Chairul Tanjung: Pemerintah Jangan Prioritaskan Infrastruktur
Selasa, 4 Juni 2013 19:10 WIB
Surabaya (Antara Jatim) - Ketua Komite Ekonomi Nasional (KEN) Chairul Tanjung menyatakan pemerintah jangan memprioritaskan pembangunan infrastruktur karena hal itu hanya menguntungkan 20 persen masyarakat yang kaya.
"Masyarakat yang kaya itu hanya membutuhkan iklim usaha melalui peraturan yang mendukung, sebab mereka bisa membangun infrastruktur sendiri," katanya dalam kuliah umum tentang 'Ekonomi Kesejahteraan' di kampus Universitas Airlangga (Unair) Surabaya, Selasa.
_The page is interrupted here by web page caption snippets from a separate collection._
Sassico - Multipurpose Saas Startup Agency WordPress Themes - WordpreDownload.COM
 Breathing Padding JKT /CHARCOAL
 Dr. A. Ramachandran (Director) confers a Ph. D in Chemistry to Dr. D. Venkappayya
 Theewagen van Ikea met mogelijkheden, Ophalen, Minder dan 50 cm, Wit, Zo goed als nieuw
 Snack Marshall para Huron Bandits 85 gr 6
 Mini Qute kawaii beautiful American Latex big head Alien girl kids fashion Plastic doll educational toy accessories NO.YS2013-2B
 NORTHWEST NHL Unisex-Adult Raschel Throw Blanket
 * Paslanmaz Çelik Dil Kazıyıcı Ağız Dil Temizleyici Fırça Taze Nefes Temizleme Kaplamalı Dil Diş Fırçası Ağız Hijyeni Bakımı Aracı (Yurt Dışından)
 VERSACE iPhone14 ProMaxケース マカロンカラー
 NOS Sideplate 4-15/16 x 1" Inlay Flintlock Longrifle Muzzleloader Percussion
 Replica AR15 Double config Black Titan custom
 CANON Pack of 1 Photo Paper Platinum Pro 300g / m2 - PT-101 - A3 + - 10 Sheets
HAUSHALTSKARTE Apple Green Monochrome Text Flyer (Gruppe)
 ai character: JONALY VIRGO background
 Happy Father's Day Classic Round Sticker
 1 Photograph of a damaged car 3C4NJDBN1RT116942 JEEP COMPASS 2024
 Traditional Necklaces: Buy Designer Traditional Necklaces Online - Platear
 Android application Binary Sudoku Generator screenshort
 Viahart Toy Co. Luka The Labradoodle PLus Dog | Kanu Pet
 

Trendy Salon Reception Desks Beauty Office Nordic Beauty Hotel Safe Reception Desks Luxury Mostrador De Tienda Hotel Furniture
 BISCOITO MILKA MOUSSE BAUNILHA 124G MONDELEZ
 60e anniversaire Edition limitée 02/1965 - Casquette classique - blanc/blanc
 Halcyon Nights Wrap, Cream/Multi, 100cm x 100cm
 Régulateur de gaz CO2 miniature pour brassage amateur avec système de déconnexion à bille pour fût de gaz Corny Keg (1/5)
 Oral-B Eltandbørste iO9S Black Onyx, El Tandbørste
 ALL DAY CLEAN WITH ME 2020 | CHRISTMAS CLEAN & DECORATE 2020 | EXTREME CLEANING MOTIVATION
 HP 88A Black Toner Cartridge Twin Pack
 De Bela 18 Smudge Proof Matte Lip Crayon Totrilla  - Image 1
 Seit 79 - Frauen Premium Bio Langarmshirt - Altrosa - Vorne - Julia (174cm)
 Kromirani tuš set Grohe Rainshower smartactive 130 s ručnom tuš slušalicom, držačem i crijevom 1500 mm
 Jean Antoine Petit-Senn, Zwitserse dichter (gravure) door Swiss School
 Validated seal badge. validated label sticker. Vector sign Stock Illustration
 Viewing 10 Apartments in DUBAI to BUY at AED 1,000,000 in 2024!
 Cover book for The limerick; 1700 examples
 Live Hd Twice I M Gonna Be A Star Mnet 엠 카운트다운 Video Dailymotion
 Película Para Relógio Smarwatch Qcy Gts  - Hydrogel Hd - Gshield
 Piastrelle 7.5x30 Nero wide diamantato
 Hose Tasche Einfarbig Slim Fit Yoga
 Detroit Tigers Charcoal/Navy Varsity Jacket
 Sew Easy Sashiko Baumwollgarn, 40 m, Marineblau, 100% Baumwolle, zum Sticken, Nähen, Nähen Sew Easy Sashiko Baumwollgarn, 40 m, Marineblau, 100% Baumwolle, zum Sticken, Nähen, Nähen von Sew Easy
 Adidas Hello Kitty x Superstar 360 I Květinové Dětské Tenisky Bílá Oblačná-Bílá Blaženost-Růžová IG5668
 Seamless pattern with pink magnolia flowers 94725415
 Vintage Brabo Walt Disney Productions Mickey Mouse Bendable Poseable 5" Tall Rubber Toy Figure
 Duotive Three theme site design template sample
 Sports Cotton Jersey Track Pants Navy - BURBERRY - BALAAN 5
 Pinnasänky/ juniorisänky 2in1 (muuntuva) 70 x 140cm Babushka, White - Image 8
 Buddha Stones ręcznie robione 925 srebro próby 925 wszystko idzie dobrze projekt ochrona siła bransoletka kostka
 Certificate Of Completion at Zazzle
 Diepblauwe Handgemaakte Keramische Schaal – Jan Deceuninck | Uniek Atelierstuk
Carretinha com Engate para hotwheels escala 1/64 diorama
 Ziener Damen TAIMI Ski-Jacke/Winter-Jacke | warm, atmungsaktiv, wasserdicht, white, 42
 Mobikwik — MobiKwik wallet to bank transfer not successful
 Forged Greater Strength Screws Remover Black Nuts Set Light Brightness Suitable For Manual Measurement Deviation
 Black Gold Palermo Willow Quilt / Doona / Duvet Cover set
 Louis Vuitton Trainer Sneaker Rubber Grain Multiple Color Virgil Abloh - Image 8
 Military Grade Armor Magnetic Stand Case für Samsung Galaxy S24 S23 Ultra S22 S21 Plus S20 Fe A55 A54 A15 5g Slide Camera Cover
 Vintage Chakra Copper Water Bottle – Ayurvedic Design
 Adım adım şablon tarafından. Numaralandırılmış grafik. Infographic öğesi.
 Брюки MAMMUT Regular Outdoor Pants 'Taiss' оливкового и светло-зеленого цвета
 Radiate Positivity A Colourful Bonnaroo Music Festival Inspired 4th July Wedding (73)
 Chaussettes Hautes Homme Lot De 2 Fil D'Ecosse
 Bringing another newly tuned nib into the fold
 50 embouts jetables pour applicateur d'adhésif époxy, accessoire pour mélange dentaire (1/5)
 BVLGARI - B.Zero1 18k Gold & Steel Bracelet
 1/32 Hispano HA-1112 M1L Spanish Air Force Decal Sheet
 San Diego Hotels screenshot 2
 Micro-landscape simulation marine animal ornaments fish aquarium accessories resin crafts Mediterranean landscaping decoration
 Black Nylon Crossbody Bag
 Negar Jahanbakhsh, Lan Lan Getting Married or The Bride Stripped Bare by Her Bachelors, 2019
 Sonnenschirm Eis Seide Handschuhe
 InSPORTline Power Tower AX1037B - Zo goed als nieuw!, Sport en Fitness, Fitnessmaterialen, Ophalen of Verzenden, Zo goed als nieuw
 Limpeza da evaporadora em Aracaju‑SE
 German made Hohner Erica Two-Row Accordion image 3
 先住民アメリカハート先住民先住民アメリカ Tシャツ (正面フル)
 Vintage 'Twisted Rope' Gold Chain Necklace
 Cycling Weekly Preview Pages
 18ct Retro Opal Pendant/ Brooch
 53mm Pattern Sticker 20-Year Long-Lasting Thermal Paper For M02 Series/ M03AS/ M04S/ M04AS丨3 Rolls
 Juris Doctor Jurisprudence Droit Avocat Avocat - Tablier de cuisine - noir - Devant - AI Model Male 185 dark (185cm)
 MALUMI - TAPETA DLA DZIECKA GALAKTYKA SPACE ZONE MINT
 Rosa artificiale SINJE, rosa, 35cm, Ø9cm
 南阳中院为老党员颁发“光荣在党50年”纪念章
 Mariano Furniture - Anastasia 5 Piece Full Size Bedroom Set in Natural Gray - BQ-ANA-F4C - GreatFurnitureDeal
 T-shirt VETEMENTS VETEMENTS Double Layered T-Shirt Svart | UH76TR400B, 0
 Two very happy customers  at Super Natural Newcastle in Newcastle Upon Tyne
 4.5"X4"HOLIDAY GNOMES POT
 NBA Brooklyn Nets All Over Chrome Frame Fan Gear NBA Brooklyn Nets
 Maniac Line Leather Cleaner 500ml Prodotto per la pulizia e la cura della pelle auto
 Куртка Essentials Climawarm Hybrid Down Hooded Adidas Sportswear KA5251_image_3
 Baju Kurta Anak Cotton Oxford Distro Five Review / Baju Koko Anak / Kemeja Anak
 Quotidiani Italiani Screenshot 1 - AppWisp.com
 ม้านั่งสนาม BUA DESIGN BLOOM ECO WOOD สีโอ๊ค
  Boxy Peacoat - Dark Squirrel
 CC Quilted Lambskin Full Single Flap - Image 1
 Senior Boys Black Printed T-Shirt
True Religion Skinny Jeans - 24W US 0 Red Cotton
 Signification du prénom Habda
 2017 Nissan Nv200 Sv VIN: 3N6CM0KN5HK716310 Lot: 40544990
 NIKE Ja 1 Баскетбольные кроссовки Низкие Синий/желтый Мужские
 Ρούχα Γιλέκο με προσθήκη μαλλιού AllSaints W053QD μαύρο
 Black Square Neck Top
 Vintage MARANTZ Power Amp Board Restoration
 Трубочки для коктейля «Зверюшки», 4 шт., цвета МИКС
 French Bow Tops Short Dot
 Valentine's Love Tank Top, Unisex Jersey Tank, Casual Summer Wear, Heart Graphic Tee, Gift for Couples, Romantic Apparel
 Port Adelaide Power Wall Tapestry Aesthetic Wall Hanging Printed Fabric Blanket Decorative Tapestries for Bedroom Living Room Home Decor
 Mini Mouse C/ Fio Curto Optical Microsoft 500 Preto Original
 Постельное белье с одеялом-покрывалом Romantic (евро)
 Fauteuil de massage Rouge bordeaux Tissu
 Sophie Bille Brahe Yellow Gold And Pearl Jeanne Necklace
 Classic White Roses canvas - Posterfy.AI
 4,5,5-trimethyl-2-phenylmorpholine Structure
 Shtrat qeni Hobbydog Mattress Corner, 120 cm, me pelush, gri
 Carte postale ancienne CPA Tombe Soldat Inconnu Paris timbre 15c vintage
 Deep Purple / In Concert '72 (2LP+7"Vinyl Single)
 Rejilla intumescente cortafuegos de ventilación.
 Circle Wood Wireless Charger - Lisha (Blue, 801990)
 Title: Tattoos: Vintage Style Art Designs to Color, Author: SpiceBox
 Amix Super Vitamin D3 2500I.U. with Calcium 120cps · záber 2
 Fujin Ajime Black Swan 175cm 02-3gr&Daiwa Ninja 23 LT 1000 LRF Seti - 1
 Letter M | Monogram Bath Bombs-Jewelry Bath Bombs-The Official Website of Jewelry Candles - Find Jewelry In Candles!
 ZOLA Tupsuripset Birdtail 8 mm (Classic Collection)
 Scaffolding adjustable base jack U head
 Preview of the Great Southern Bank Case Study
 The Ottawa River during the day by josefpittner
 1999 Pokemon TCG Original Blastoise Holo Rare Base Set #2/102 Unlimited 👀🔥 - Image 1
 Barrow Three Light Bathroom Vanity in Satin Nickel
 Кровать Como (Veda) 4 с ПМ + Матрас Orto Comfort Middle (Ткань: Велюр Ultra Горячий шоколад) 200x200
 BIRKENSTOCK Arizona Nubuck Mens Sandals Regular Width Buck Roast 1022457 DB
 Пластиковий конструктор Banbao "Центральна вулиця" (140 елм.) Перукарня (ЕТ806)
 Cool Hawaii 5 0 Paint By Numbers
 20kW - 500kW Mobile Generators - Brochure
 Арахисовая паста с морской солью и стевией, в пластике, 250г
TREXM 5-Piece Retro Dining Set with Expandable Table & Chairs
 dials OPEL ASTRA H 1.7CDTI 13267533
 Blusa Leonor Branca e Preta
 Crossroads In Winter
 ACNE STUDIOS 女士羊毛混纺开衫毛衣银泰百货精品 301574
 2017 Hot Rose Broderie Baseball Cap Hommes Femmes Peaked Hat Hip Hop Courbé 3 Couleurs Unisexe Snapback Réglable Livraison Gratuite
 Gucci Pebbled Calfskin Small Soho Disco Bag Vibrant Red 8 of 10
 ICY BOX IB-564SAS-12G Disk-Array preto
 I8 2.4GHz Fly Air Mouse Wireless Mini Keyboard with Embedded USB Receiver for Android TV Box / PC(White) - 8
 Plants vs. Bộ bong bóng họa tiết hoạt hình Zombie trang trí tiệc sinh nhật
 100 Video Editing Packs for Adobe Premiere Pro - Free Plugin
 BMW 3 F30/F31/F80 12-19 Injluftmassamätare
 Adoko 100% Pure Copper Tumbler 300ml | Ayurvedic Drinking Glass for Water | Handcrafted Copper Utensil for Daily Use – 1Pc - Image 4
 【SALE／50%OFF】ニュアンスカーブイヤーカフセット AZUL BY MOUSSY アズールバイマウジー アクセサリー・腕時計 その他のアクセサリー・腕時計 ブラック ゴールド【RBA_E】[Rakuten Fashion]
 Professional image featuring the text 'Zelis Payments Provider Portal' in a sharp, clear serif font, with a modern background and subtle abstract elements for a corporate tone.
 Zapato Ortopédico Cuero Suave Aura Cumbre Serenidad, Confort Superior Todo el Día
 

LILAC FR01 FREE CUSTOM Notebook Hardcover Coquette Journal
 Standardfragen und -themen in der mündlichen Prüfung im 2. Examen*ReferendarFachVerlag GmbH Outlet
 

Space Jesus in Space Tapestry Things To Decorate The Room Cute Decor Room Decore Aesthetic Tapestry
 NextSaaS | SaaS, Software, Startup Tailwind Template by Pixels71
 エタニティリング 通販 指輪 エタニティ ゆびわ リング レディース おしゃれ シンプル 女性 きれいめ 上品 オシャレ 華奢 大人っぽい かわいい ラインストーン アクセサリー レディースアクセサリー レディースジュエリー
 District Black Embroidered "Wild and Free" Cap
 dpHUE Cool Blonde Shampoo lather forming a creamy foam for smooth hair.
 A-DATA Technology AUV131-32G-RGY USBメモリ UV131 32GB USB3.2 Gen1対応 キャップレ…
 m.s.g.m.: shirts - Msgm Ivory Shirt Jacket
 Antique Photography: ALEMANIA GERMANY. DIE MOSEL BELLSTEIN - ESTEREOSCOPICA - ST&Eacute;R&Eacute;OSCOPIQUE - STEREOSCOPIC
Di hadapan hampir 1.000 mahasiswa Surabaya, ia menjelaskan Indonesia memiliki 29 juta masyarakat miskin, 70 juta masyarakat hampir miskin, 100 juta masyarakat menengah, dan 50 juta masyarakat kaya.
"Jadi, penduduk kaya hanya 20 persen, sedangkan penduduk miskin, hampir miskin, dan menengah mencapai hampir 200 juta, karena itu pemerintah hendaknya memprioritaskan pembangunan untuk 80 persen masyarakat, bukan 20 persen masyarakat kaya yang bisa memikirkan dirinya sendiri," katanya.
Menurut anggota Majelis Wali Amanat (MWA) Unair itu, Indonesia akan bisa sejahtera bila pemerintah memprioritaskan pembangunan pada 80 persen masyarakat yang miskin, hampir miskin, dan menengah, sebab 80 persen masyarakat itu tidak bisa berbuat apa-apa tanpa dukungan pemerintah.
"Caranya, 80 persen masyarakat itu dibangun dengan meningkatkan kualitas sumber daya mereka melalui pendidikan, kesehatan, dan pemberdayaan ekonomi," kata pengusaha yang dikenal sebagai 'Anak Singkong' itu.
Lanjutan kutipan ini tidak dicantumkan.